A longstanding Terry Fox New Frontiers Program Project Grant team pioneering cancer metabolism research in Canada is seeking the answers to these questions. Funded in collaboration with the Quebec Breast Cancer Federation (QBCF), the team has come to understand that the process of cancer metabolism is not only central to the development and progression of cancer, but is also extremely dynamic, meaning that it’s able to adapt to different circumstances to keep “feeding” cancer growth.
“Overall, the impact of the PPG in Targeting the Metabolic Vulnerabilities of Cancer has been to significantly expand our fundamental knowledge of cancer metabolism and how it enables cancers to establish, spread and resist therapy,” says Dr. Julie St-Pierre, professor at the University of Ottawa and one of the project’s co-leaders. “This has helped establish metabolic plasticity as an Achilles’ heel and revealed molecular mechanisms that can be exploited to dramatically improve cancer therapy.”
By developing cutting-edge, pre-clinical models, the team has been able to study cancer metabolism every step of the way – from the earliest stages to the development of metastatic and drug-resistance disease.
In doing so, they’ve identified the molecular mechanisms that guide and govern metabolic reprogramming and plasticity. According to Dr. St-Pierre, this includes understanding how genes involved in key metabolic pathways are controlled, identifying hormones and growth hormones that stimulate the cellular signalling pathways regulating metabolism and revealing the molecular circuitry that links cancer-causing genes (oncogenes) with metabolic pathways.
In a study led by PPG investigator Vincent Giguère, professor at McGill University, the team expanded this research using advanced technology to map the network of interacting proteins associated with nuclear mTOR – a kinase used in metabolic regulation – in cell-based models of normal and cancerous prostate cells. “These findings shed new light on how mTOR functions in the control of gene expression upon association with chromatin, an unexpected role for this essential regulator,” says Dr. Peter Siegel, professor at McGill University and team co-leader.

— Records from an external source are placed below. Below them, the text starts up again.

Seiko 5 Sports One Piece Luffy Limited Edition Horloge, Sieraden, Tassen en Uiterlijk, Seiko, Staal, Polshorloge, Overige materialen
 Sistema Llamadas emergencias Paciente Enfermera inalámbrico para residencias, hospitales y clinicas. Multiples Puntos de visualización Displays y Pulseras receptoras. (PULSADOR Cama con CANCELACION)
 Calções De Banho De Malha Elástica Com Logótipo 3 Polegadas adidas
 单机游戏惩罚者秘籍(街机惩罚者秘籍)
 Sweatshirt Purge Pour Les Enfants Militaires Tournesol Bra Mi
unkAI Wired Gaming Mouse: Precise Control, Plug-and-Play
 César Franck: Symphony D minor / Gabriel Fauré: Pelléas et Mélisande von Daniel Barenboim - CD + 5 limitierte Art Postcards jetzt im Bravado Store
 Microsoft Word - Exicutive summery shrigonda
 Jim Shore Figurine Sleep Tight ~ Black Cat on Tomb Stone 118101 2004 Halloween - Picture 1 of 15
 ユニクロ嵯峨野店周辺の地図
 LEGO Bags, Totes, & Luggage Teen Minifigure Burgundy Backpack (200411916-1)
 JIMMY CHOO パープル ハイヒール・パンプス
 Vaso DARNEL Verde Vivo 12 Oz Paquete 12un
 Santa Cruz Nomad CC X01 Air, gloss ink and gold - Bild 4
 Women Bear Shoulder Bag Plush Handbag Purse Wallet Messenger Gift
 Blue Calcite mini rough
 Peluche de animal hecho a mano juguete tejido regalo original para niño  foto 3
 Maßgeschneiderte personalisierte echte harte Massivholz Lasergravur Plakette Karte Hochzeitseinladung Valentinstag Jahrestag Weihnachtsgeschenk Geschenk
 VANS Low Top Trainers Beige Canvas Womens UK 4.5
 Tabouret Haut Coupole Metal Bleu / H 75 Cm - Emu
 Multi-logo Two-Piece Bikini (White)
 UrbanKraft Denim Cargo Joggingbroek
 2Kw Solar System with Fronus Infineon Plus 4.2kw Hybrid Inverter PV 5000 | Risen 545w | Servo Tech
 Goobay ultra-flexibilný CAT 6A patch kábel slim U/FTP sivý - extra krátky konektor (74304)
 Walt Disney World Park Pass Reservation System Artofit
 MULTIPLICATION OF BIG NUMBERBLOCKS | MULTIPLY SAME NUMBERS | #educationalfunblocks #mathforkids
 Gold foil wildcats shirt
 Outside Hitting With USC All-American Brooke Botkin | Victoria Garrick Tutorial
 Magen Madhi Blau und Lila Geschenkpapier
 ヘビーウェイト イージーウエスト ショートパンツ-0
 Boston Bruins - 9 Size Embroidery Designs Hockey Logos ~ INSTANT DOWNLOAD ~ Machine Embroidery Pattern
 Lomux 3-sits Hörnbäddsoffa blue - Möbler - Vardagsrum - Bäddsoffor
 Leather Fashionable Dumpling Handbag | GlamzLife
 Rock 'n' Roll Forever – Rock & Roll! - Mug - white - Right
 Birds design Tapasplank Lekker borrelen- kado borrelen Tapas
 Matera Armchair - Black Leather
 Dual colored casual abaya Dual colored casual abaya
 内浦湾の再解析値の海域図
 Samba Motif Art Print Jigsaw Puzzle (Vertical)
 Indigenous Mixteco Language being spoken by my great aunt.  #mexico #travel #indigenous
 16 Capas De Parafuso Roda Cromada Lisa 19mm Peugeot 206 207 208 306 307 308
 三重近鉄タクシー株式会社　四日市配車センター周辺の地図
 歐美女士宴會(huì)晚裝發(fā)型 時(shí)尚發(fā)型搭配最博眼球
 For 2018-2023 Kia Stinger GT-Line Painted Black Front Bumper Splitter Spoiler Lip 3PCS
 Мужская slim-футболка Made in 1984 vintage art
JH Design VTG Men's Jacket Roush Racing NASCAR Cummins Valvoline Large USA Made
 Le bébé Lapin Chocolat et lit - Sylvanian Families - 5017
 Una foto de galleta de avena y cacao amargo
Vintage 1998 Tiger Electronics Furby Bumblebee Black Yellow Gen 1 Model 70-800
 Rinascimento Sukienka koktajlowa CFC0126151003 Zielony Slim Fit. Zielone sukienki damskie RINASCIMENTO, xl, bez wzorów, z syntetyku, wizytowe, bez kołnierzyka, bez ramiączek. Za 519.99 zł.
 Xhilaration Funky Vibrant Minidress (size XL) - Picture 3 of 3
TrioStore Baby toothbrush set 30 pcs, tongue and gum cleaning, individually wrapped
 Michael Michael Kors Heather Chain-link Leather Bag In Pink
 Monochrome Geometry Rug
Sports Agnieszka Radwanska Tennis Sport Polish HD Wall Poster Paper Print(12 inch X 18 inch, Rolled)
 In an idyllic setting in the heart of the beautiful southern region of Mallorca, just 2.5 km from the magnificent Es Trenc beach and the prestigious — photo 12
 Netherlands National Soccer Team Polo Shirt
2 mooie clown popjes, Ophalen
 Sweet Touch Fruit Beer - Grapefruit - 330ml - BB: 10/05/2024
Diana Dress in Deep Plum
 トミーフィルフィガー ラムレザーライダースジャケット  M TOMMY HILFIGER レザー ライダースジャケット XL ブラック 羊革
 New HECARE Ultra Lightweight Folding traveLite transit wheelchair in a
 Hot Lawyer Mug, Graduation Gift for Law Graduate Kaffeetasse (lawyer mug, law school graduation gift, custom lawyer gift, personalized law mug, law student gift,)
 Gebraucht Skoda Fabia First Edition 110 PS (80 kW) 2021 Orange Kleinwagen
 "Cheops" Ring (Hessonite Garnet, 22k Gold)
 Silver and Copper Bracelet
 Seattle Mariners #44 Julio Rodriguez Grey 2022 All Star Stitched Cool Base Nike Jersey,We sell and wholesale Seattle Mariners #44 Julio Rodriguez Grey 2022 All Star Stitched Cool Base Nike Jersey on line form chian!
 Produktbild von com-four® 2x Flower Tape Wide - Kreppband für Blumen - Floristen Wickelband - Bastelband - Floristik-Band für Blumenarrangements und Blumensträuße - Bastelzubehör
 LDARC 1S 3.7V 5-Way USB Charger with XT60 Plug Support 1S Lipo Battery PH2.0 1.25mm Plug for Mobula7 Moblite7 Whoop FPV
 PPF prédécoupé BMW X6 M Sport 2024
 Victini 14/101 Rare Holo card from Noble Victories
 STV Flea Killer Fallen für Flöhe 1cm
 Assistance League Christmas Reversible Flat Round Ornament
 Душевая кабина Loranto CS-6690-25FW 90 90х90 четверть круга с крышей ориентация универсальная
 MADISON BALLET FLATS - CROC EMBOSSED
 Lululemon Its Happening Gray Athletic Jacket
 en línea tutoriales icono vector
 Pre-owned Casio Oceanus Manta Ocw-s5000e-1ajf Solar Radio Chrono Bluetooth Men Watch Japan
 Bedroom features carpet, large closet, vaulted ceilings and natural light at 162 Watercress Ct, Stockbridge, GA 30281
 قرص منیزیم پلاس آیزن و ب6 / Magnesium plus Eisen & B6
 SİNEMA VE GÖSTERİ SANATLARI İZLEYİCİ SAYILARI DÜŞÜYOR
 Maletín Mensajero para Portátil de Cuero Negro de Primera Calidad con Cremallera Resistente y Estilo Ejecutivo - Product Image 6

In addition to this, PPG team members have also revealed how metabolism changes in the area surrounding tumours, known as the tumour microenvironment, revealing a series of interesting connections that could have an impact on cancer treatment and prevention.
“This work has revealed intricate networks of communication and metabolic exchange between cancer cells, immune cells, adipocytes (fat cells) and other cell types, how these are affected by diet and bodyweight and how they can be targeted to block tumour growth and progression,” says Dr. Siegel.
Together, this work brings the PPG team one step closer to their goal of understanding the connection between metabolic reprogramming, metastatic progression and treatment resistance to inform and, thus, improve the effectiveness of cancer therapies.